Open Bug 436006 Opened 16 years ago Updated 7 months ago

"ASSERTION: Not a UTF-8 string" with <a name="%e2g">

Tracking

()

Status:

NEW

People

(Reporter: jruderman, Unassigned)

References

(
URL
)

Details

(Keywords: assertion, testcase)

Attachments

(4 files)

testcase 16 years ago Jesse Ruderman 85 bytes, text/html		Details
stack trace 16 years ago Jesse Ruderman 6.21 KB, text/plain		Details
Testcase 15 years ago Simon Montagu :smontagu 12.03 KB, text/html; charset=iso-8859-1		Details
Attempt to express the behaviour described on whatwg.org in the testcase 15 years ago Simon Montagu :smontagu 12.61 KB, text/html; charset=iso-8859-1		Details

Jesse Ruderman

Reporter

Description

•

16 years ago

Attached file testcase — Details

Loading the testcase triggers:

###!!! ASSERTION: Not a UTF-8 string. This code should only be used for converting from known UTF-8 strings.: 'Error', file ../../../dist/include/string/nsUTF8Utils.h, line 596

###!!! ASSERTION: not a UTF8 string: 'Error', file ../../dist/include/string/nsUTF8Utils.h, line 130

###!!! ASSERTION: Input wasn't UTF8 or incorrect length was calculated: 'Error', file /Users/jruderman/central/mozilla/xpcom/string/src/nsReadableUtils.cpp, line 287

I found this bug by simply loading random web sites and looking for interesting assertion failures.

Jesse Ruderman

Reporter

Comment 1

•

16 years ago

Attached file stack trace — Details

Jesse Ruderman

Reporter

Comment 2

•

16 years ago

The stack trace blames HTMLContentSink::AddAttributes.

Boris Zbarsky [:bzbarsky]

Comment 3

•

16 years ago

Yeah, we nsUnescape @name on <html:a>.  Which could introduce all sorts of random bytes...

Flags: wanted1.9.0.x?

Samuel Sidler (old account; do not CC)

Updated

•

16 years ago

Flags: wanted1.9.1?

Flags: wanted1.9.0.x?

Flags: wanted1.9.0.x+

Josh Aas

Updated

•

16 years ago

OS: Mac OS X → All

Simon Montagu :smontagu

Comment 5

•

15 years ago

So I was going to ask why we assume that @name is in UTF-8, rather than the document encoding, and found the answer in bug 87966 comment 5: the HTML spec requires it (http://www.w3.org/TR/html4/appendix/notes.html#non-ascii-chars).

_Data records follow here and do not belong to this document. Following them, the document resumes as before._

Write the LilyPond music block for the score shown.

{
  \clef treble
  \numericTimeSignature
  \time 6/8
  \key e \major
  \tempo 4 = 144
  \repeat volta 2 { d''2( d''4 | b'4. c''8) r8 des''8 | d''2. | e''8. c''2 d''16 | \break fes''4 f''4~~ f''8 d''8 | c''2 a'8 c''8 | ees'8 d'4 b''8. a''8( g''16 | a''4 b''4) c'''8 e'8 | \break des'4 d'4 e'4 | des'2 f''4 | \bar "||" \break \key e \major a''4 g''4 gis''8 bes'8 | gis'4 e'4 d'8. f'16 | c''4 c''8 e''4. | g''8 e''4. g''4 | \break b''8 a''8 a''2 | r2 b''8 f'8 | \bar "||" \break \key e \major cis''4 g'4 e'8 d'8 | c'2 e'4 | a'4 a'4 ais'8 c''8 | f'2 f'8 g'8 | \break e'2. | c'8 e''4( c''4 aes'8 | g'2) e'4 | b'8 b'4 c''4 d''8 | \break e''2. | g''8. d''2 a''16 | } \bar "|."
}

So strictly |<a name=%e2g>| is invalid, but surely the code in nsHTMLContentSink::AddAttributes should at least check for non-UTF8 @name, and maybe even try falling back to the page encoding?

What do other UAs do?

Simon Montagu :smontagu

Comment 6

•

15 years ago

Clarification: when I say "non-UTF8" I mean "non-UTF8 when unescaped".

Boris Zbarsky [:bzbarsky]

Comment 7

•

15 years ago

I believe that other UAs treat it as UTF-8, but it's worth experimenting.

Simon Montagu :smontagu

Comment 8

•

15 years ago

As far as I can tell, no other UA unescapes non-ASCII characters in name attributes, ever, in any encoding. I tested Safari 3.2.3 on Mac, and IE7, IE8, Opera9.52 and Opera9.64 on Windows.

Given that, I suggest that we should test whether the name is valid UTF-8 after unescaping, and leave it as escaped if not.

Simon Montagu :smontagu

Comment 9

•

15 years ago

The trouble with that suggestion seems to be that it breaks non-UTF-8 hrefs to non-UTF-8 anchors.

Simon Montagu :smontagu

Comment 10

•

15 years ago

Attached file Testcase — Details

This testcase incorporates Jesse's "named anchors" bookmarklet from squarefree.com to display the anchor names.

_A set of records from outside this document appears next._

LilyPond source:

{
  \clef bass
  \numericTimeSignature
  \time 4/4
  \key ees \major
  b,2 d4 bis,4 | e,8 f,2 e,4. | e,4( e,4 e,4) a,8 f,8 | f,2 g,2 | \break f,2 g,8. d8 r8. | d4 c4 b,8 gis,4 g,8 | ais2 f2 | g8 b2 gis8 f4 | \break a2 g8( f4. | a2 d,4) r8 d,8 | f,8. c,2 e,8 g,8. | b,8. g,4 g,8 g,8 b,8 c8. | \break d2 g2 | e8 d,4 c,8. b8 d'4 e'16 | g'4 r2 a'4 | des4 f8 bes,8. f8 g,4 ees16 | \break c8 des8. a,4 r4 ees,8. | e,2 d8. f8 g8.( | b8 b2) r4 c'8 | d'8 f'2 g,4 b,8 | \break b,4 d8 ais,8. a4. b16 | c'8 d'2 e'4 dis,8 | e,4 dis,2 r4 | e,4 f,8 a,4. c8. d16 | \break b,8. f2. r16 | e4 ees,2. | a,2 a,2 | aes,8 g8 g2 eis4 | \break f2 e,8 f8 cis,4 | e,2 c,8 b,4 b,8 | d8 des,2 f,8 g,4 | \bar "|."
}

I have a patch that makes all the anchors and links to them work as expected, which I will attach after more testing (e.g. with escaped codepoints that are valid in neither UTF-8 nor the page encoding)

Assignee: nobody → smontagu

Simon Montagu :smontagu

Updated

•

15 years ago

Attachment #381731 - Attachment mime type: text/html → text/html; charset=iso-8859-1

Boris Zbarsky [:bzbarsky]

Comment 11

•

15 years ago

Simon, how would that testcase fare if we instead just implemented http://www.whatwg.org/specs/web-apps/current-work/multipage/history.html#scroll-to-fragid ?

Boris Zbarsky [:bzbarsky]

Updated

•

15 years ago

Depends on: 483660

Simon Montagu :smontagu

Comment 12

•

15 years ago

If I am interpreting that whatwg reference correctly, then the other UAs mentioned in comment 8 are conforming to it and we are not, at least with respect to parsing the name attributes.

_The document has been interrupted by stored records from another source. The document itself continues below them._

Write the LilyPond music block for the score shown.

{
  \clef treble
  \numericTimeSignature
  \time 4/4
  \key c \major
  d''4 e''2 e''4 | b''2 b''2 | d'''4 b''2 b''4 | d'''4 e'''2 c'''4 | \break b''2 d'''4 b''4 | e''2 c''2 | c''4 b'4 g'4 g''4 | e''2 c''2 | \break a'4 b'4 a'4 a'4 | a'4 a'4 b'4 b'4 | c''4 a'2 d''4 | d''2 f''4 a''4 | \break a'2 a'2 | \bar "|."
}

With respect to following the hrefs, IE's behaviour seems so be the most conformant: basically the links should only work (i.e. scroll to the anchors), when the link encoding is the same as the anchor encoding (ignoring NCRs as a separate can of worms for the time being).

I think that for us to implement it would mean cutting out the whole block in nsHTMLContentSink::AddAttributes that unescapes the name attribute, and modifying nsPresShell::GoToAnchor and its callers to search for id and name attributes separately with different input, and changing the fallback if UTF-8 conversion fails to use the escaped string rather than attempting to decode the unescaped string in the document charset. Does that sound right?

Those callers also assert as they stand, by the way, but we can prevent that by calling IsUTF8 before conversion instead of attempting to convert all input as UTF-8 and falling back if the conversion fails.

Simon Montagu :smontagu

Comment 13

•

15 years ago

Attached file Attempt to express the behaviour described on whatwg.org in the testcase — Details

Boris Zbarsky [:bzbarsky]

Comment 14

•

15 years ago

> Does that sound right?

Yes.  Would that work with your first testcase?

Simon Montagu :smontagu

Updated

•

15 years ago

Attachment #382008 - Attachment mime type: text/html → text/html; charset=iso-8859-1

Simon Montagu :smontagu

Comment 15

•

15 years ago

(In reply to comment #14)
> Would that work with your first testcase?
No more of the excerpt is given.